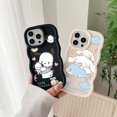 thumbnail image 3 of Cute Hellos Kittys Kuromis Cinnamon Dog Phone Case For OPPO Reno 2 4 5 6 7 7Z 8 8T 11 Z Pro 4G 5G Candy Color Soft Back Cover, 3 of 7
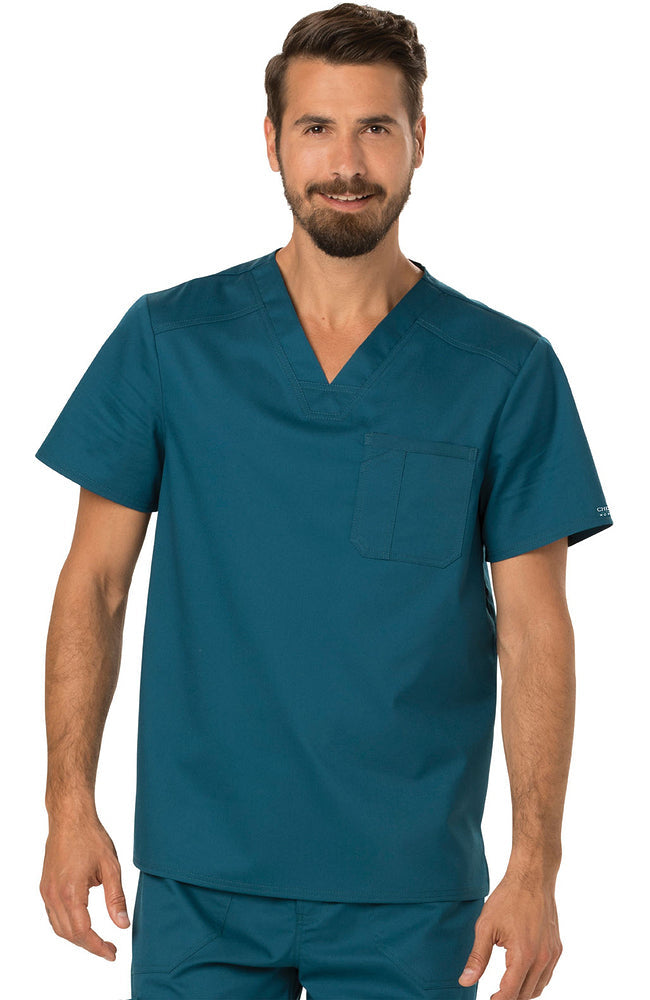 Cherokee Revolution Men's Scrub Top WW690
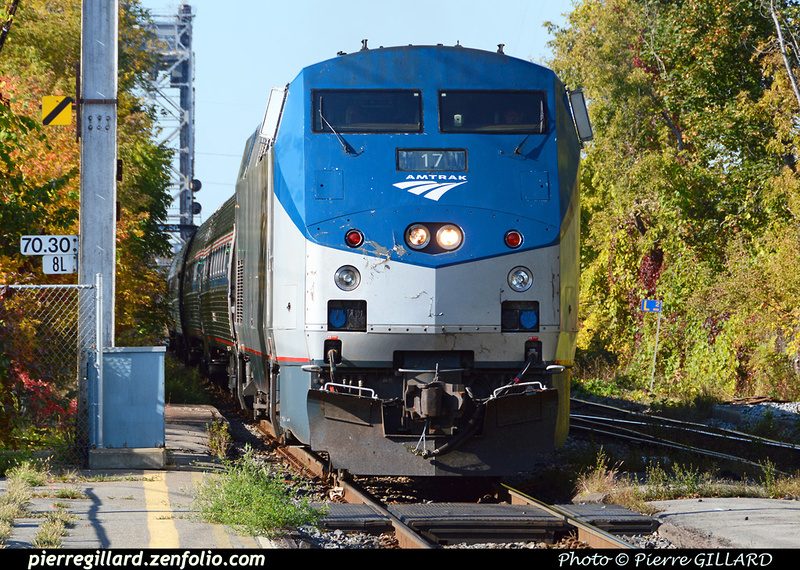 Pierre GILLARD: Etats-Unis d'Amérique : Amtrak - Adirondack &emdash; 2015-508510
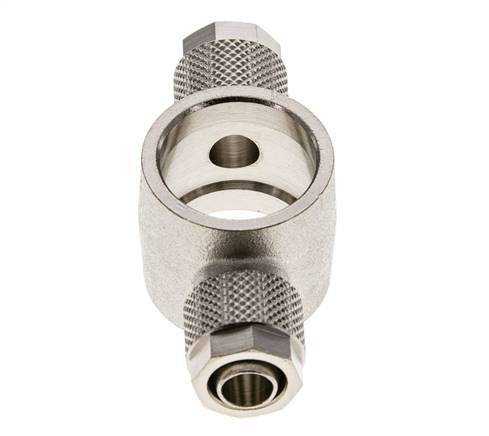 10x8 & G1/2'' Vernickelter Messing Banjo T Aufsteckfitting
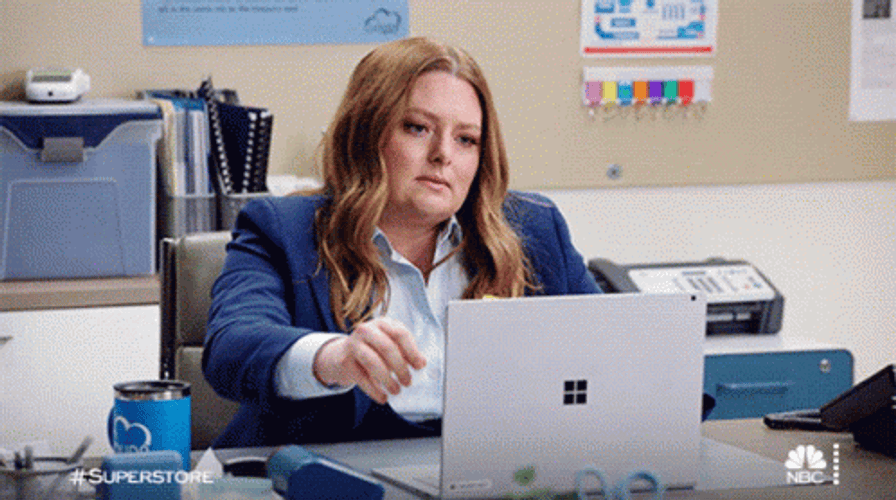 Lauren Ash Meeting GIF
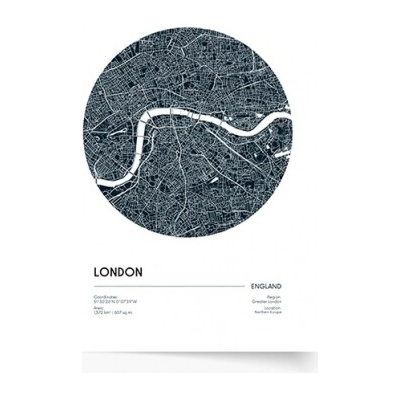 Plagát Maps: London 70x100 - 77468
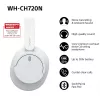 Sony WH-CH720 headset con filo e senza fili archetto chiamate/musica USB Type-C Bluetooth bianco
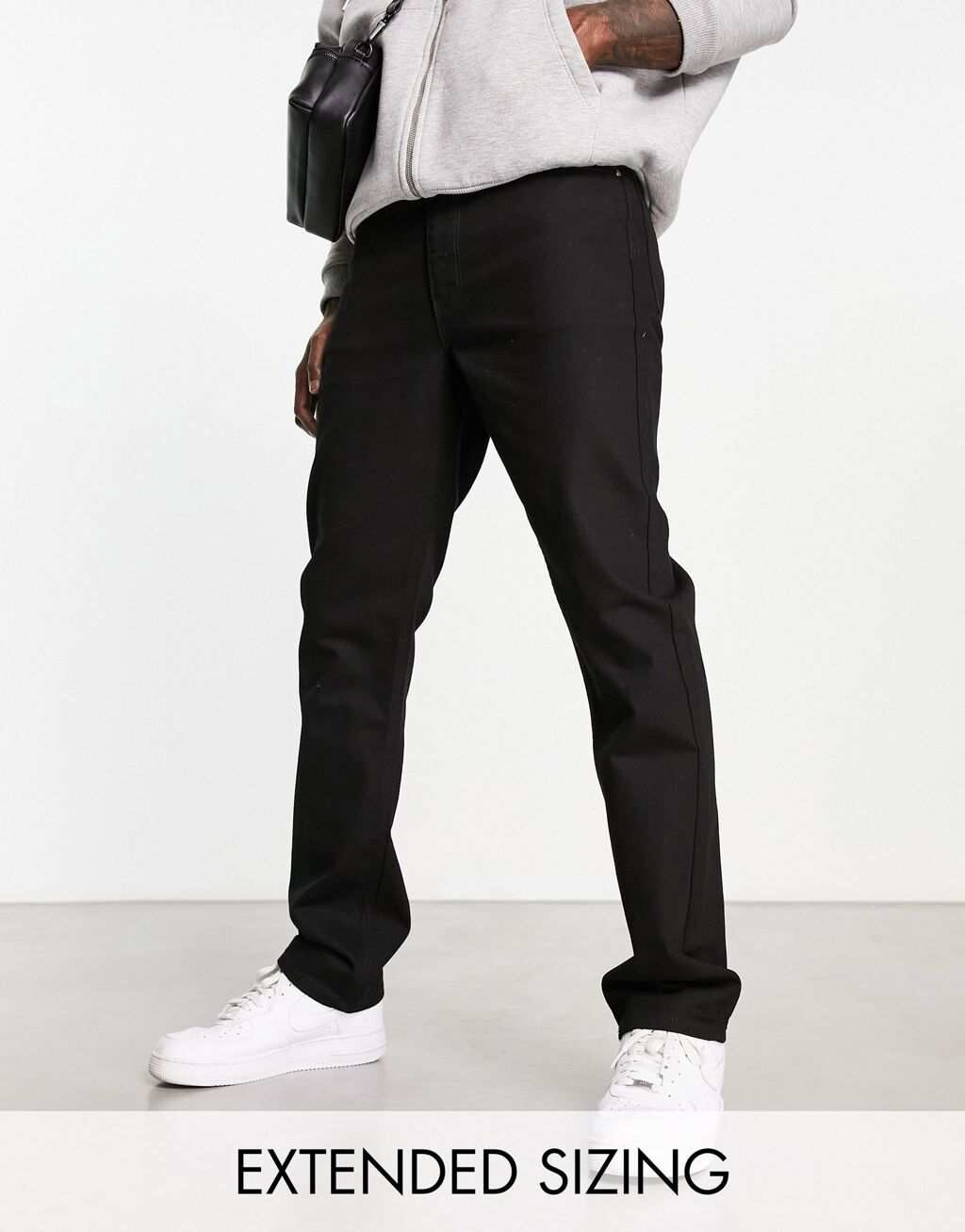 

Черные прямые джинсы ASOS DESIGN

Aim of the exercise: Wherever a picture appears in the records, omit it, and transcribe everything else exactly.

Expected answer:
 thumbnail image 3 of Cute Hellos Kittys Kuromis Cinnamon Dog Phone Case For OPPO Reno 2 4 5 6 7 7Z 8 8T 11 Z Pro 4G 5G Candy Color Soft Back Cover, 3 of 7
 Cherokee Revolution Men's Scrub Top WW690
 Pierre GILLARD: Etats-Unis d'Amérique : Amtrak - Adirondack &emdash; 2015-508510
 10x8 & G1/2'' Vernickelter Messing Banjo T Aufsteckfitting
 Lauren Ash Meeting GIF
 Plagát Maps: London 70x100 - 77468
 Sony WH-CH720 headset con filo e senza fili archetto chiamate/musica USB Type-C Bluetooth bianco

Черные прямые джинсы ASOS DESIGN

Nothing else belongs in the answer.